SUPPLIED ENTRIES START

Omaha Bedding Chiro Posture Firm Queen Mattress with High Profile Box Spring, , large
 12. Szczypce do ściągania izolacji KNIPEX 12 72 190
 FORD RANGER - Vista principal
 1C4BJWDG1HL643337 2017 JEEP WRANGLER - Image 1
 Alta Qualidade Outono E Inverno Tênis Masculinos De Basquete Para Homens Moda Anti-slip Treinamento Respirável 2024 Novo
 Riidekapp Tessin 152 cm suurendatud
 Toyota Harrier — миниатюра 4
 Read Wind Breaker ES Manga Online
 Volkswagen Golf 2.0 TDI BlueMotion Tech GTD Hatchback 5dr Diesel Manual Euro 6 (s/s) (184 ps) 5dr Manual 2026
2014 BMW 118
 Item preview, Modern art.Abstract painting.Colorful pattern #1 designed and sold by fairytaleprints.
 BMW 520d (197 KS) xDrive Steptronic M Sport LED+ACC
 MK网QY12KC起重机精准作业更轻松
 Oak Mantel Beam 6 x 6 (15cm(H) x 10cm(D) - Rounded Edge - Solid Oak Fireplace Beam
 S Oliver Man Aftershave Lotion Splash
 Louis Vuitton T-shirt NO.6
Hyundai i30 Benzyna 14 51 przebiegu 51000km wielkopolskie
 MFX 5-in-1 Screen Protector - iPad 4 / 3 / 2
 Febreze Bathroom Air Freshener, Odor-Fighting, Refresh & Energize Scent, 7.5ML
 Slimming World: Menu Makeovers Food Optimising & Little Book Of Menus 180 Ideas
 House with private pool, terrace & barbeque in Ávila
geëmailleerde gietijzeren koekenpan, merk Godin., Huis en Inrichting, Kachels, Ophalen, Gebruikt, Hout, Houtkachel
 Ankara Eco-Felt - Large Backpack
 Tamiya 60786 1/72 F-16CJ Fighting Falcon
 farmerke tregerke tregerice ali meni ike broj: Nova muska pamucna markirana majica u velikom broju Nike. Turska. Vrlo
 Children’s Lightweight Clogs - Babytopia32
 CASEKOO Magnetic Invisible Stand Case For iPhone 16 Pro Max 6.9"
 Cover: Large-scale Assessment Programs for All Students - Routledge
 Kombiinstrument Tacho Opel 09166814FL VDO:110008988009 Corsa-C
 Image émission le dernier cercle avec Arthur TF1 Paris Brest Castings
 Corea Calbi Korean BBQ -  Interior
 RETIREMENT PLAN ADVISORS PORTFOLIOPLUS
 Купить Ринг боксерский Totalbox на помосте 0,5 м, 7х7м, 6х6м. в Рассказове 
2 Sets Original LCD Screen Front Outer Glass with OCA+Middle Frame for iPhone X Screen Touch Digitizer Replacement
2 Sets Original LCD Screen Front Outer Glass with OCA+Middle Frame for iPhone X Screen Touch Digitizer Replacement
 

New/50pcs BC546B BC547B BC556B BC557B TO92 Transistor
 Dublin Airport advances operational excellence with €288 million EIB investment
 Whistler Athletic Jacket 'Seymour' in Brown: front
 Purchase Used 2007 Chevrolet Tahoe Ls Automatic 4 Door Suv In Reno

SUPPLIED ENTRIES END

PROMPT :: In this exercise, copy only the lines from the opening line of the material through the line where "Tamiya 60786 1/72 F-16CJ Fighting Falcon" appears.

YOUR RESPONSE ::
Omaha Bedding Chiro Posture Firm Queen Mattress with High Profile Box Spring, , large
 12. Szczypce do ściągania izolacji KNIPEX 12 72 190
 FORD RANGER - Vista principal
 1C4BJWDG1HL643337 2017 JEEP WRANGLER - Image 1
 Alta Qualidade Outono E Inverno Tênis Masculinos De Basquete Para Homens Moda Anti-slip Treinamento Respirável 2024 Novo
 Riidekapp Tessin 152 cm suurendatud
 Toyota Harrier — миниатюра 4
 Read Wind Breaker ES Manga Online
 Volkswagen Golf 2.0 TDI BlueMotion Tech GTD Hatchback 5dr Diesel Manual Euro 6 (s/s) (184 ps) 5dr Manual 2026
2014 BMW 118
 Item preview, Modern art.Abstract painting.Colorful pattern #1 designed and sold by fairytaleprints.
 BMW 520d (197 KS) xDrive Steptronic M Sport LED+ACC
 MK网QY12KC起重机精准作业更轻松
 Oak Mantel Beam 6 x 6 (15cm(H) x 10cm(D) - Rounded Edge - Solid Oak Fireplace Beam
 S Oliver Man Aftershave Lotion Splash
 Louis Vuitton T-shirt NO.6
Hyundai i30 Benzyna 14 51 przebiegu 51000km wielkopolskie
 MFX 5-in-1 Screen Protector - iPad 4 / 3 / 2
 Febreze Bathroom Air Freshener, Odor-Fighting, Refresh & Energize Scent, 7.5ML
 Slimming World: Menu Makeovers Food Optimising & Little Book Of Menus 180 Ideas
 House with private pool, terrace & barbeque in Ávila
geëmailleerde gietijzeren koekenpan, merk Godin., Huis en Inrichting, Kachels, Ophalen, Gebruikt, Hout, Houtkachel
 Ankara Eco-Felt - Large Backpack
 Tamiya 60786 1/72 F-16CJ Fighting Falcon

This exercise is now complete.